Nickolas Pettinger appeals his conviction and sentence for murder in the
first degree, in violation of Iowa Code sections 707.1 and 707.2(1)(a) (2016).
Pettinger asserts (1) the trial court abused its discretion in allowing a witness to
testify about two prior instances of his assaultive behavior against the decedent,
(2) the verdict is against the weight of the evidence, and (3) a sentence of life
without parole is unconstitutional because the jury was not required to determine
whether he was an adult at the time of the killing. Finding no abuse of discretion
or error of law, we affirm.
I. Background Facts.
Pettinger and K.G. had been dating for about four months and, at times,
used methamphetamine together. K.G.’s parents were trying to help them get off
methamphetamine and allowed K.G. and Pettinger to live in their basement.

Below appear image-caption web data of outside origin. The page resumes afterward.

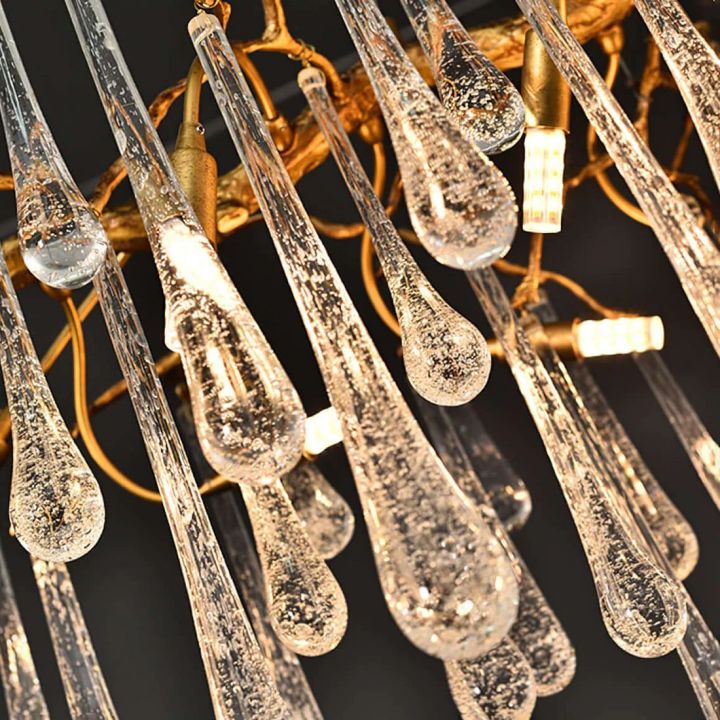 Xzavier Aqua Makrama Chandeliers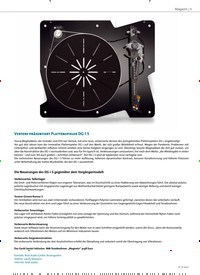 Titelbild der Ausgabe 6/2022 von VERTERE PRÄSENTIERT PLATTENSPIELER DG-1 S. Zeitschriften als Abo oder epaper bei United Kiosk online kaufen.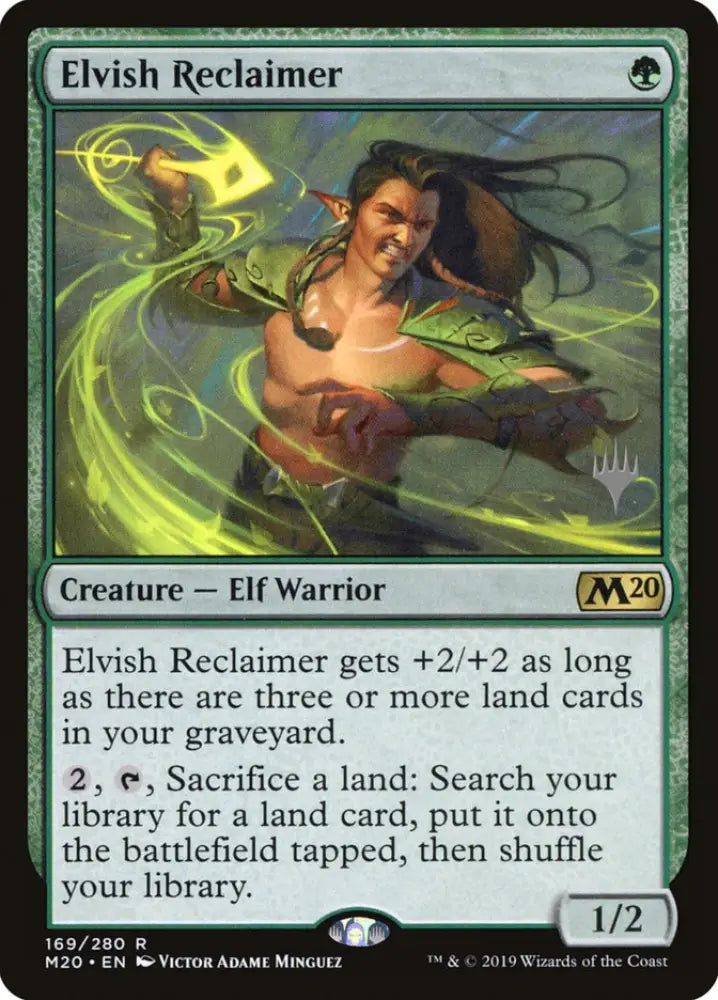 Elvish Reclaimer (Promo Pack) [Core Set 2020 Promos] - MTG Single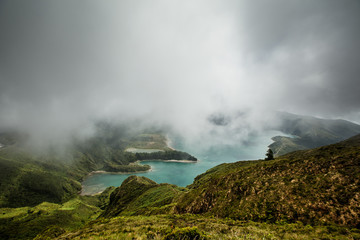Fototapeta premium Lagoa do Fogo, Sao Miguel, Azores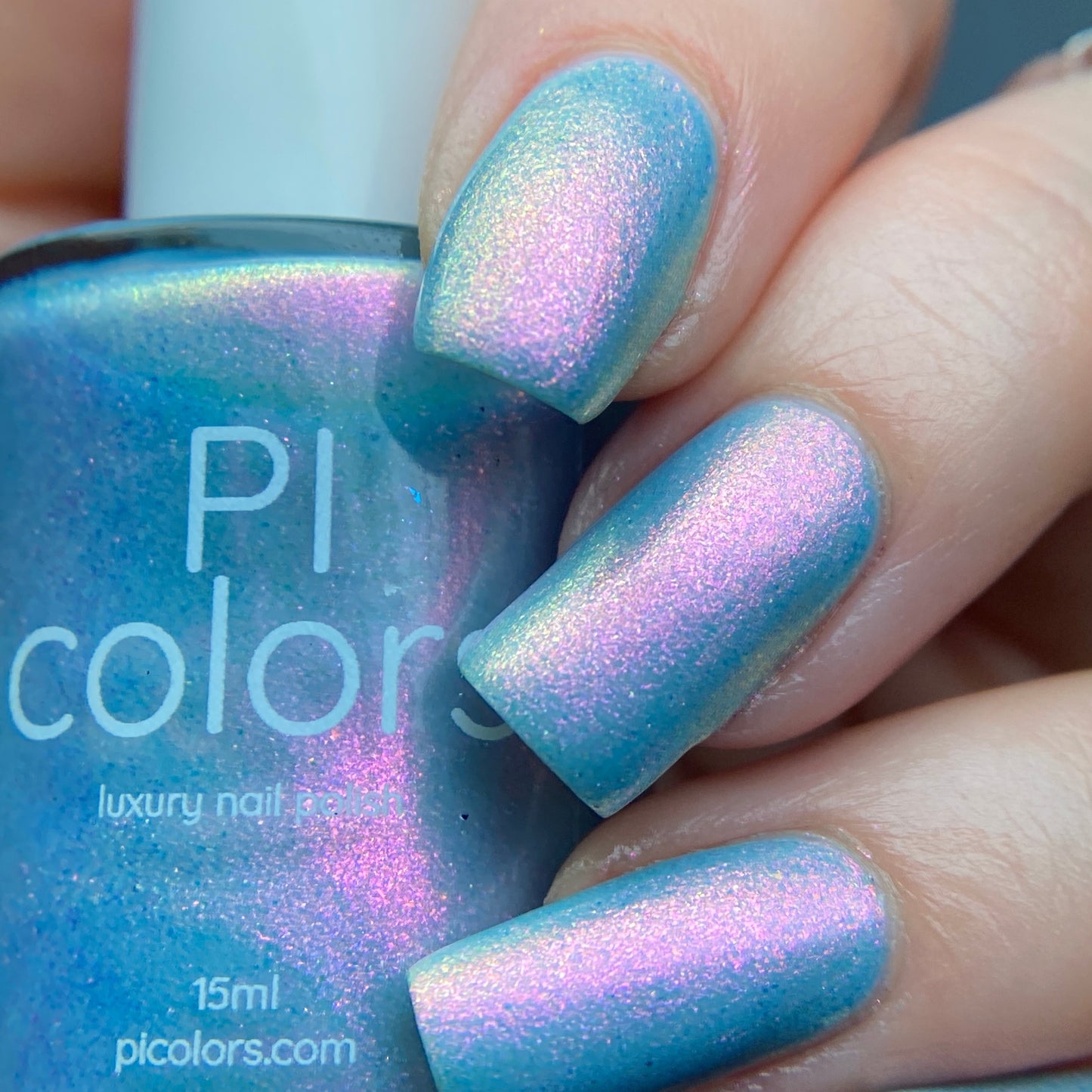 Fire Pink Rainbow.000 Blue Nail Polish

On December 11, 2016, K.G.’s parents returned home after a weekend
away and found the house in disarray. K.G. and Pettinger were there. K.G.
refused to tell her parents what had happened to the house because she “didn’t
want to be a snitch.” Her parents told Pettinger they were going to call the police
and told him he needed to leave. Pettinger did leave. K.G. went into the basement
and later came back upstairs, gave her parents a hug, and left the house.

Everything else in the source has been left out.